E sul tema si cimenta anche JD Vance, in versione storico-religioso. Il vicepresidente Usa invoca la Seconda Guerra Mondiale per difendere i bombardamenti americani all’Iran dalle critiche del Papa. Vance – riporta il New York Times – ha spiegato che il Pontefice ha sbagliato nel dire che i discepoli di Cristo non sono «mai dalla parte di chi un tempo brandiva la spada e oggi sgancia bombe. Dio era dalla parte degli americani quando hanno liberato la Francia dai nazisti? Credo certamente che la risposta sia sì», ha messo il vicepresidente cattolico. Nella sua dose quotidiana di mazzate mediatiche, il tycoon non dimentica l’Europa. Il piano europeo per aprire lo Stretto di Hormuz senza gli Stati Uniti «è così triste», nel corso dell’intervista al programma `Mornings with Maria´ su Fox News. «Lo stiamo facendo comunque noi», ha aggiunto Trump, criticando «l’atteggiamento» di quel «gruppo di Paesi». «Come si può avere un gruppo di Paesi con questo atteggiamento? Guardi la Groenlandia, dovremmo avere la Groenlandia per proteggere il mondo contro Russia e Cina», ha dichiarato.

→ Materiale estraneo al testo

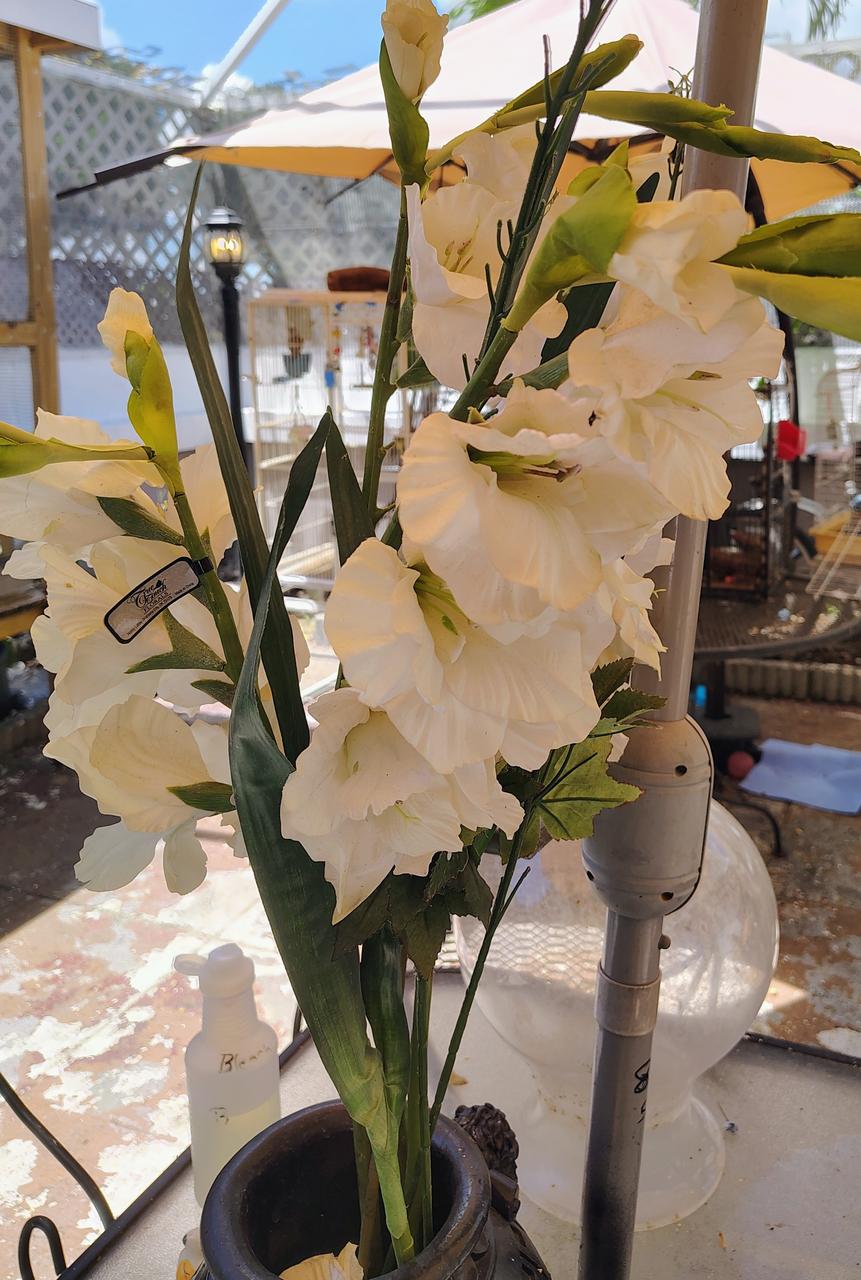 Profile photo 9 of 9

Da una bastonatura all’altra. Trump torna ad attaccare la Nato e mette in discussione il contributo americano all’Alleanza. “La Nato non era al nostro fianco. E questo significa che se non ci sono adesso, non ci saranno nemmeno in futuro. Quindi perché lo siamo noi? Perché spendiamo centinaia di miliardi di dollari all’anno per la Nato se non ci sosterranno”, ha detto il capo della Casa Bianca sempre nell’intervista a Fox News. “Se non ci sosterranno sulla questione iraniana, non ci sosterranno nemmeno su un tema ben più importante dell’Iran”, ha aggiunto Trump. E ancora: «Giusto per essere chiari: l’Italia prende un sacco di petrolio dallo Stretto di Hormuz”, spara The Donald ribadendo a Fox News le critiche a Roma e la premier Giorgia Meloni. Giusto per essere chiari.